Since ALP shadow financial services minister Stephen Jones announced the party’s plan to roll back the education standards, debate has flared around the merits of carving out the degree requirement for experienced advisers.
The proposal does have the potential to alleviate the adviser exodus. Only around 19,000 advisers are on ASIC’s register, down from a (somewhat artificially inflated) high of 30,000 at the end of 2018.
Stemming the tide of experienced advisers leaving the industry would also leave more mentors available for young advisers to learn from, create more avenues for consumers to access advice and likely reduce the cost to provide it.
A detriment to advice
The price of carving out the degree requirement could be steep, however.
“Winding back the education standards now would be a detriment to the advice industry becoming a profession,” says Deborah Kent, a 34-year adviser at Integra Financial Advice, former president of the AFA and director of FASEA. “It would also reduce the consumer trust in advice that the legislation was aimed at fixing.”
The education requirement was introduced by ex-financial services minister Kelly O’Dwyer after Financial Services Inquiry and Parliamentary Joint Committee reports said standards didn’t fit consumer needs or expectations.
Creating a loophole for experienced advisers to dodge the degree requirement now would create a two-tier system, Kent argues, which would leave consumers unable to discern whether they’re licensed adviser is degree qualified or exempt.
It would also undermine the work done by advisers who have attained an equivalent degree, she says, who could no longer say they’re part of a legitimately qualified profession.
“Suggesting that someone who has 10 years’ experience and is RG146 qualified should have the same status as advisers who have met their education requirements should not be tolerated by the advice community,” Kent says.
According to 30-year JBS Financial adviser Jenny Brown, suggestions that opposition to the proposal is coming from “elitist” young advisers is off the mark. Most experienced advisers want to retain the higher standards, she says.
“I take offence when I see headlines calling those of us who what to improve ourselves and our profession as ‘elitist’,” Brown says. “I know many advisers who are older than me who have also passed both the exam and completed their additional study and while none of us really wanted to do this, we needed to ensure we keep up with what clients and consumers at large believe a professional adviser to be.”
According to Perth adviser Craig Prosser, the ALP’s proposal is a “big backwards step”.
“We want to call ourselves professional,” Prosser said on Professional Planner‘s comment hub. “What other professional doesn’t need a degree?”

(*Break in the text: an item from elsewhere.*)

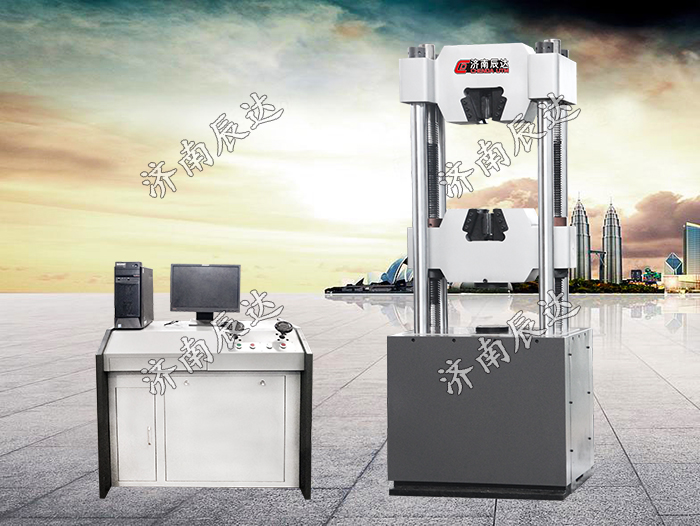 WEW-600D萬(wàn)能材料試驗(yàn)機(jī)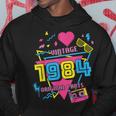 40Th Birthday Vintage 1984 80'S Vintage Retro I Love The 80S Hoodie Personalized Gifts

As part of his announcement last week, the ALP’s Jones said: “We’re going to assume that ten years plus experience is worth at least a degree.”
According to Prosser, that’s not a safe assumtion.

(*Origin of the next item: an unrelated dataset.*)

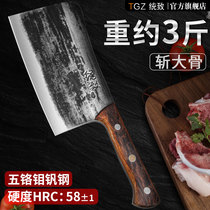 Unified forging and chopping bone knife chopping bone knife slashing Bone Butcher professional commercial thickening bone cutting knife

“Who is going to assess whether their experience is good experience or bad? There is still a lot of poor advice out there… and some has come from experienced advisers.”
Delicate policy lines
The ALP’s proposal poses a somewhat awkward issue for the major advice associations which, despite needing to support increased professionalism, also need to show support for policy that would make life ostensibly easier for some advisers.
It’s a fine line the Financial Planning Association are walking by rejecting the equivalent degree exemption idea, but welcoming discussion around better and wider recognition for prior learning.

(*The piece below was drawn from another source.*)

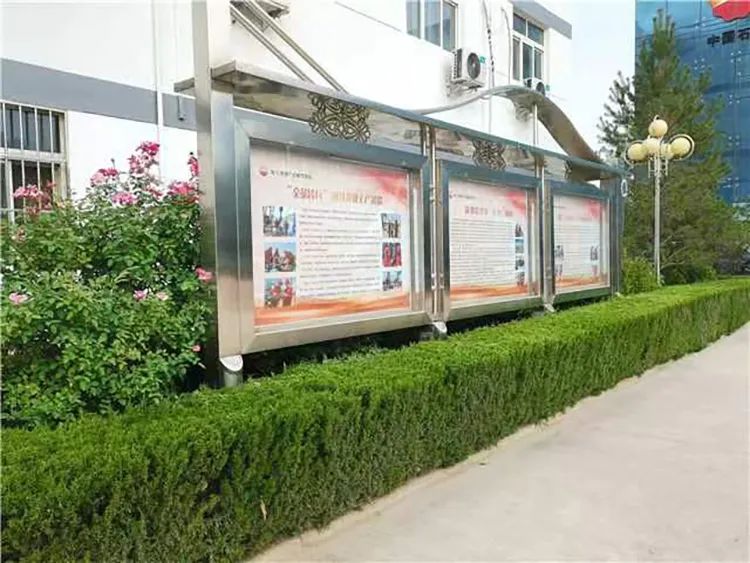 红色庆阳的绿色答卷 图源：庆阳市生态环境局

“The FPA believes there is scope to develop a more comprehensive framework for recognising prior experience, however educational standards for planners are a core element of ongoing professionalism and we shouldn’t backtrack on these,” says FPA head of policy and standards Ben Marshan.
There are versions of the FPA’s CFP certification that still haven’t been recognised, Marshan says. “It’s unclear to us why and what their reasoning was.”
The Association of Financial Advisers’ chief executive Helen Morgan-Banda says the group supports an increase in the education standard, but wants better “transition models” for advisers.
A number of implications
With two weeks to go before FASEA is wound up and Treasury takes on its standard setting responsibilities, outgoing FASEA chief executive Stephen Glenfield reflects on how many advisers have already uplifted their education level.
“Of those with greater than 10-years of experience on ASIC’s register back in 2019, 21 per cent had no bachelor level degree or higher education… but that number is now 11 per cent,” he said. “So a large body of advisers are raising the standard of education.”
While reticent to comment on the merits of Labor’s proposal, Glenfield says a deliberate decision was made by the government not to grandfather advice experience when the legislation was drafted.
Pulling that apart will have a number of implications, he notes.
“You need to consider what those who have taken themselves part-way or all the way down the education journey think about the proposal,” he says, “And is consumer confidence impacted if you have a two-step system?”